[Extracted data entries]
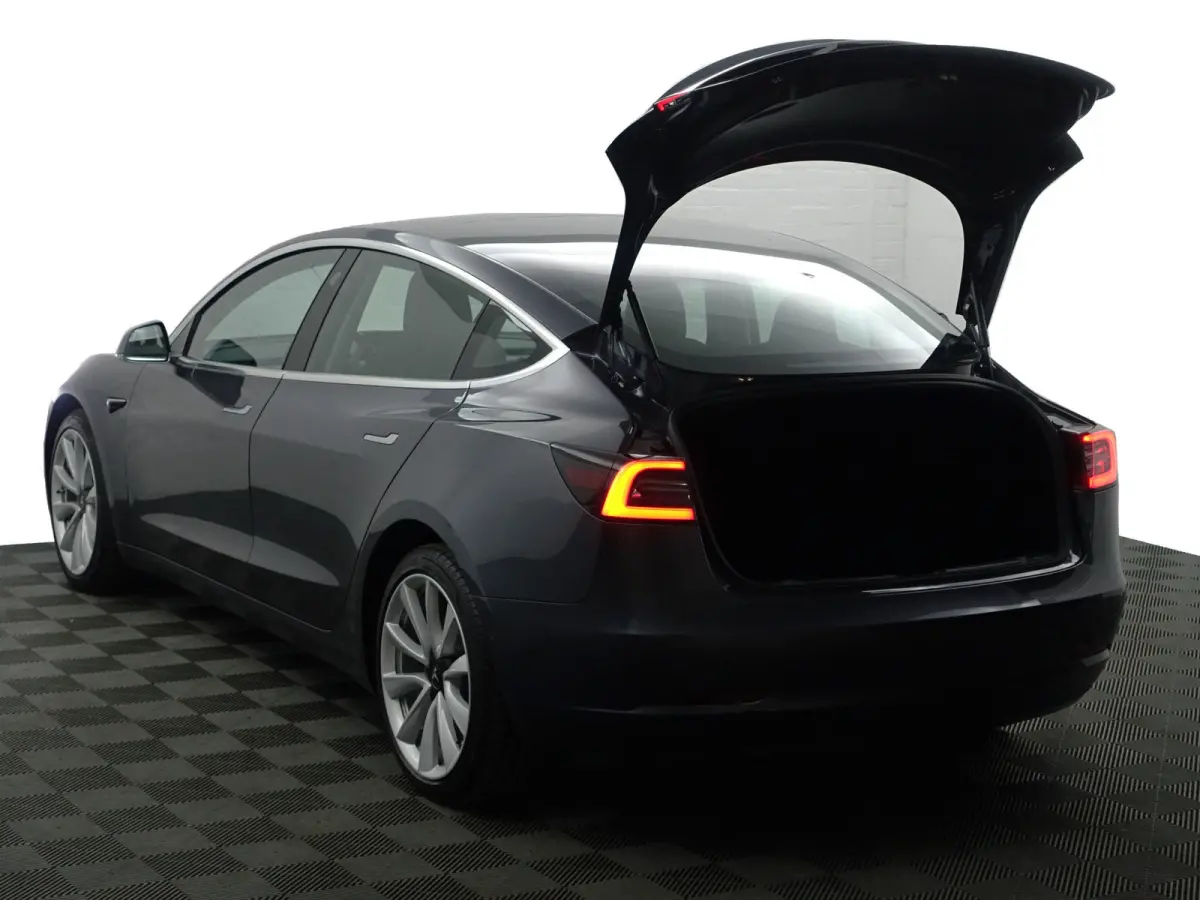 Long Range AWD 75 kWh- NAP 55dkm, Panoramadak, Camera, Autopilot, Xenon Led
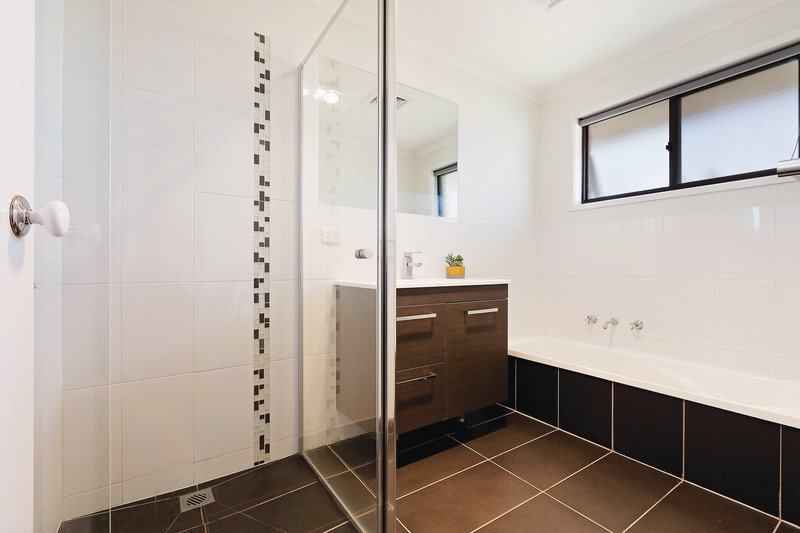 Gallery: 1 Lawrie Drive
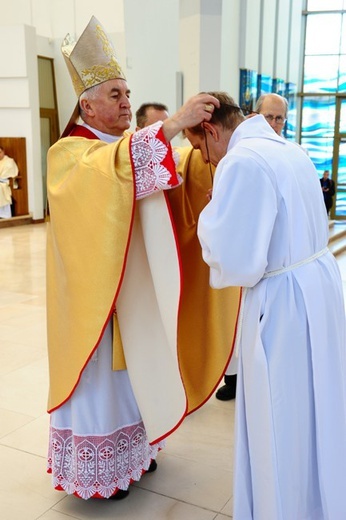 Nowi Nadzwyczajni Szafarze Eucharystii i odznaczenie 53 szafarzy na 10-lecie posługi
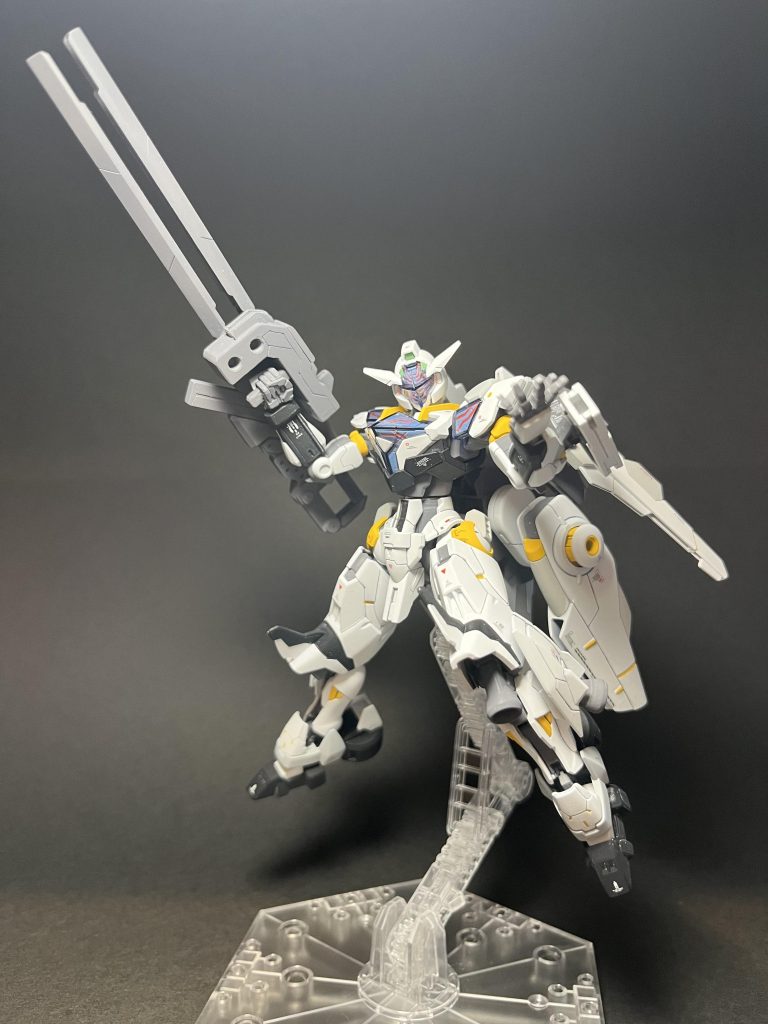 カラーは今回は白、黒、黄色を基本色にして所々ライトグレーをいれました。デカールはもっと貼ってもよかったかもなぁと思ったり。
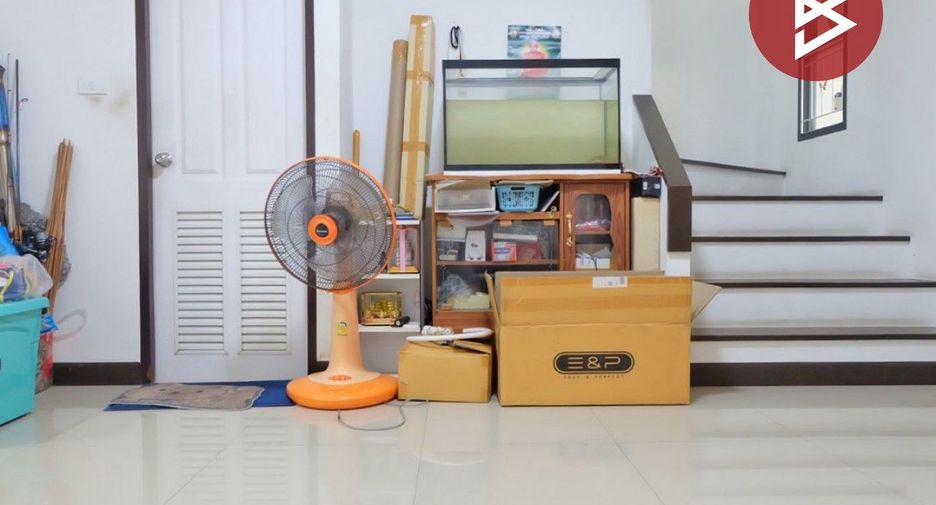 出售 4 卧室 联排别墅 在 Mueang Chon Buri, Chon Buri
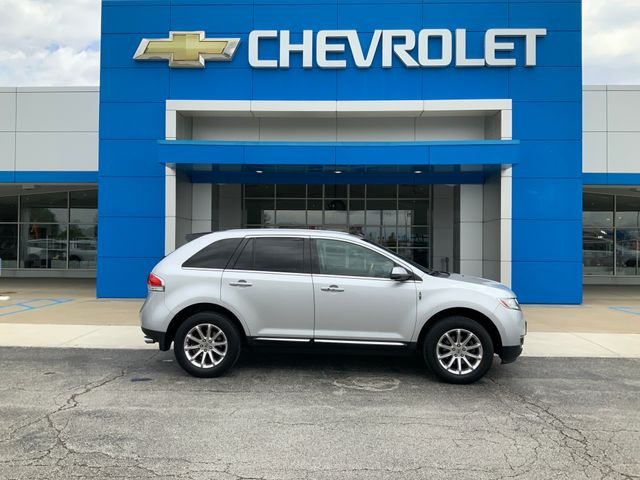 Used 2014 Silver Lincoln Base image 6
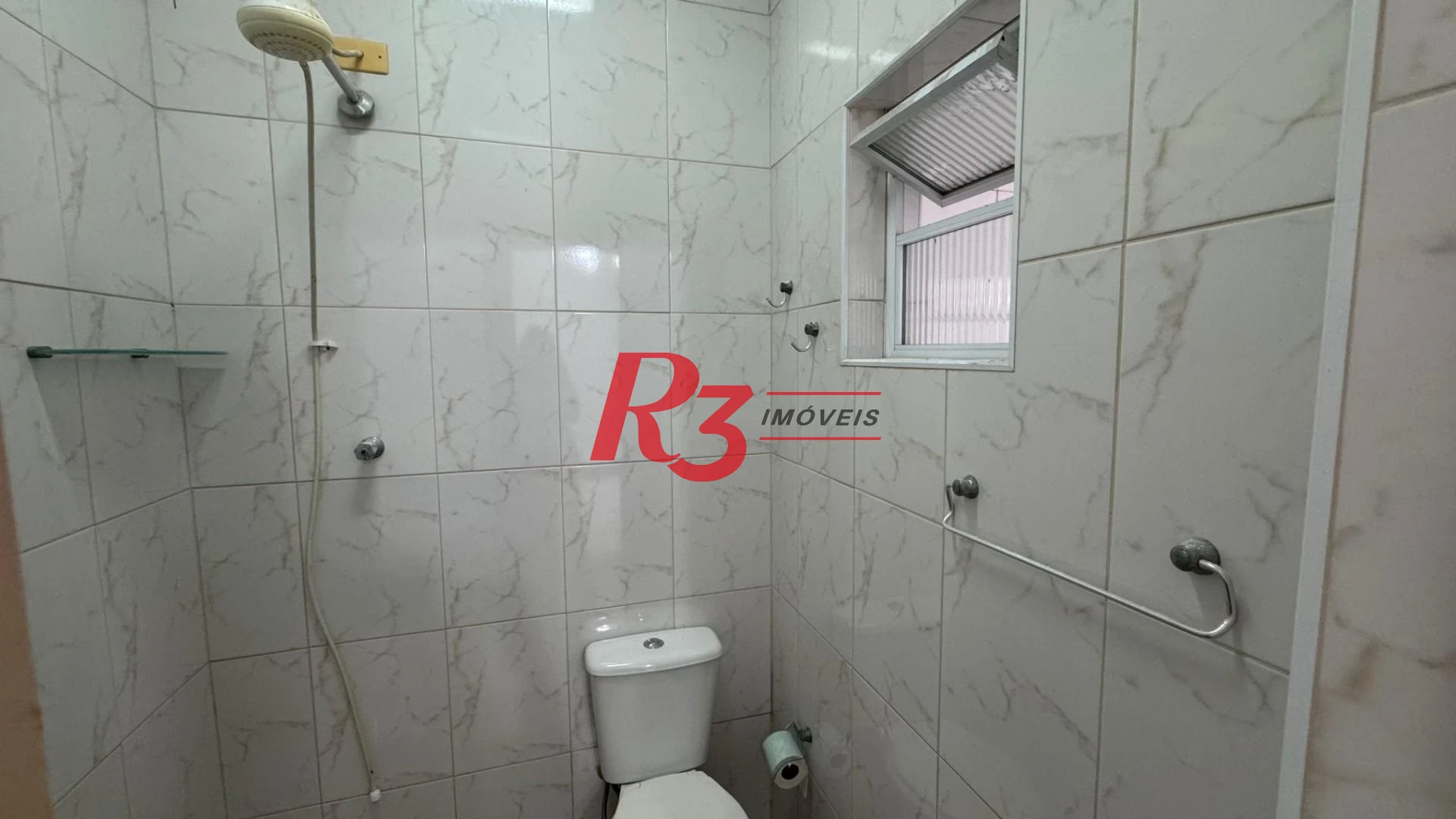 Casa com 4 dormitórios para alugar, 100 m² por R$ 4.700,00/mês - Encruzilhada - Santos/SP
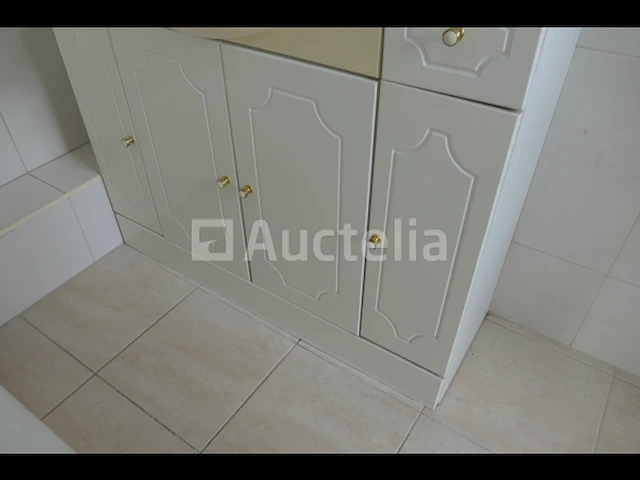 Wastafelmeubel, ligbad met kranen - afbeelding 1 van  6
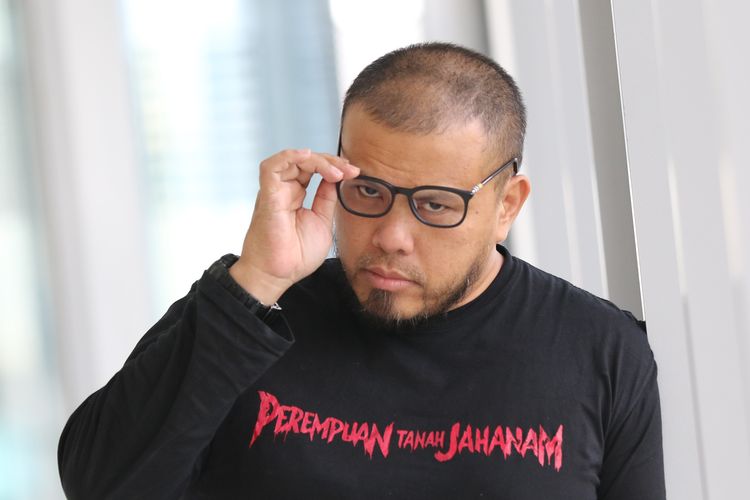 Sutradara Joko Anwar Ajak Berhenti Streaming Film Bajakan ala IndoXXI Cs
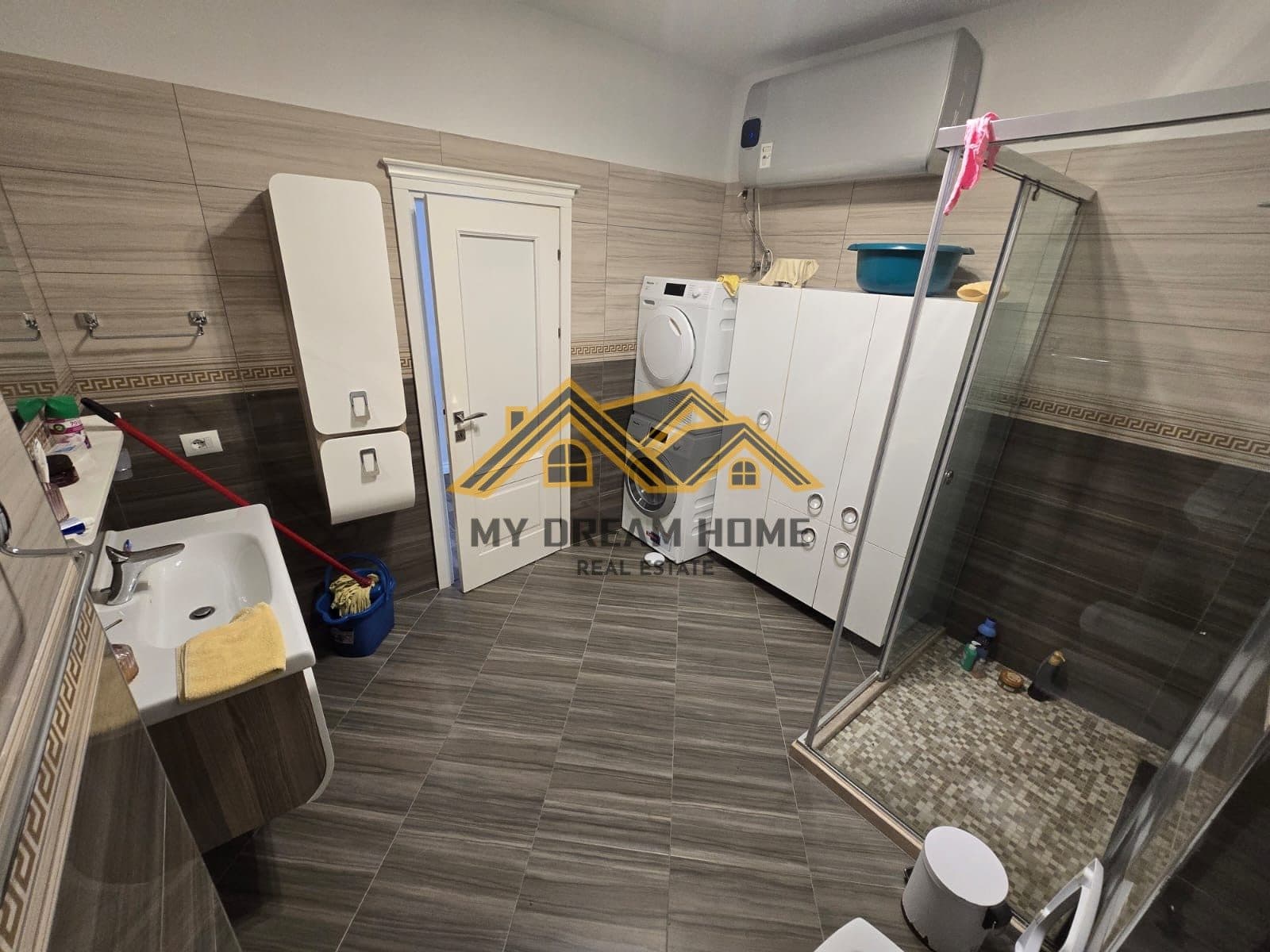 JEPET ME QIRA SUPER APARTAMENT 3+1+2 VIJE TE PARE ME PAMJE DETI 4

§ **Work order**
Pictures are to be left out; the answer must otherwise be exactly the lines from the one with "Wastafelmeubel, ligbad met" through the final line of the entries above, both included.

§ **Your response**
 Wastafelmeubel, ligbad met kranen - afbeelding 1 van  6
 Sutradara Joko Anwar Ajak Berhenti Streaming Film Bajakan ala IndoXXI Cs
 JEPET ME QIRA SUPER APARTAMENT 3+1+2 VIJE TE PARE ME PAMJE DETI 4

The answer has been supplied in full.